Ce qui est également lié à notre activité, c’est de faire croître tous les sujets autour de l’agilité. L’agilité pour moi, c’est plutôt que de livrer de la valeur au bout de 18 mois, livrer des incréments de valeur tous les mois ou tous les deux mois. C’est un véritable apprentissage pour nous, pour les équipes digitales, pour les métiers avec lesquels nous travaillons comme le font d’autres entreprises. C’est un apprentissage plus qu’une question de savoir-faire.
Faire un projet cycle en V ou un projet agile, c’est aussi une question culturelle.

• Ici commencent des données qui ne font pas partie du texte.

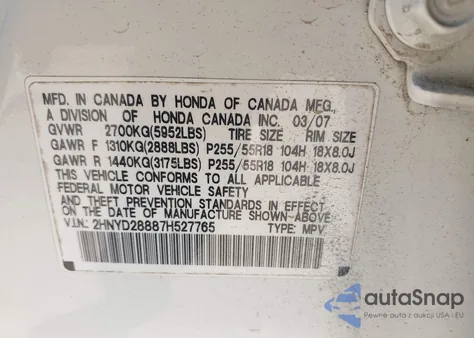 2007 Acura Mdx Sport Package из США, поврежденный, VIN 2HNYD28887H527765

Quand nous sommes sur des projets cycle en V, on va plutôt se passer les spécifications sous « l’hygiaphone ».
Quand nous faisons des projets agiles, les équipes métiers et les équipes digitales ne font qu’une seule équipe. Chacune dans son rôle, mais c’est ensemble qu’elles réussissent. Nous avons là des enjeux de transformation en matière de pratiques qui offrent des perspectives à nos équipes digitales pour disposer d’un terrain de jeu plus vaste.

Quelles sont les actions proposées pour muscler vos équipes digitales et IT ?

J’ai trois fers au feu.

Le premier, c’est l’accompagnement des compétences au sein d’équipes engagées. Elles en ont développé par le passé, elles peuvent en développer d’autres à l’avenir. À charge pour moi de les accompagner et que ce développement de compétences s’effectue progressivement.

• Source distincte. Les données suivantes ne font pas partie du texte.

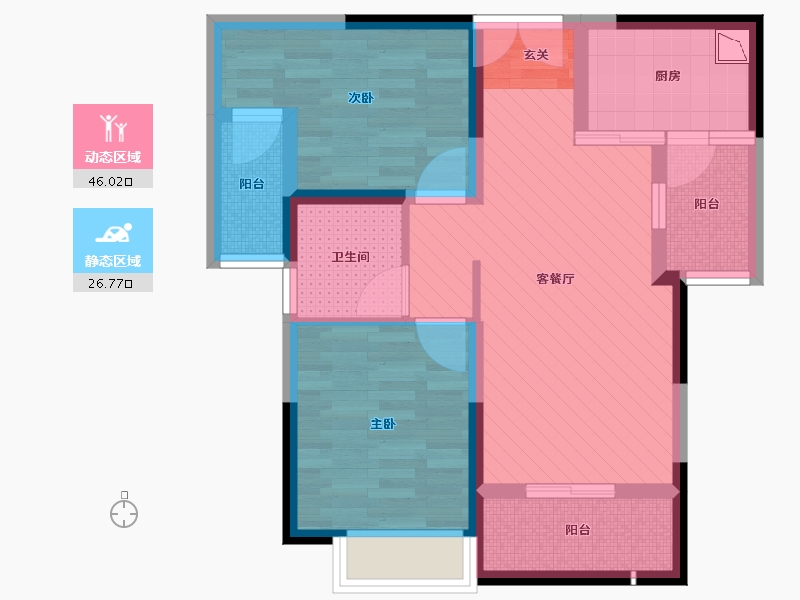 重庆-重庆市-世茂茂悦府-61.93-户型库-动静分区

Le deuxième, ce sont les recrutements, en particulier sur des sujets clés sur lesquels je vais vouloir accélérer, renforcer rapidement le groupe comme l’architecture, la cybersécurité, l’agile.

Le troisième, c’est celui où j’invite mes équipes à aller regarder ce qui se passe ailleurs. Si on reste dans sa maison, on ne sait pas ce qu’il y a dans celle d’en face. Nous sommes allés voir la SNCF il y a quelques semaines. Nous avons vu qu’il y a des sujets sur lesquels ils sont en avance. Et d’autres, où c’est nous qui le sommes. Par exemple sur le sujet du BIM, qui est la question du jumeau numérique pour tout ce qui est ouvrage immobilier, au sens large du terme (cela peut être du bâtiment TER ou chez nous les tunnels) discuter avec des acteurs comme le groupe Bouygues ‒ on l’a fait récemment ‒ cela nous nourrit.

J’invite mes équipes à aller regarder ce qui se passe ailleurs

La première expérimentation de pilotage automatique d’une ligne de métro date de 1952. Quelle est la dette technique que porte le groupe en 2022 ?

Certains domaines sont déjà modernisés, comme dans les ressources humaines. Par exemple, nous venons de basculer une partie du suivi des entretiens annuels ‒ la relation manageur/ collaborateur ‒ en Saas.

Puis il y a d’autres pans de ce SI pour lesquels la modernisation est devant nous.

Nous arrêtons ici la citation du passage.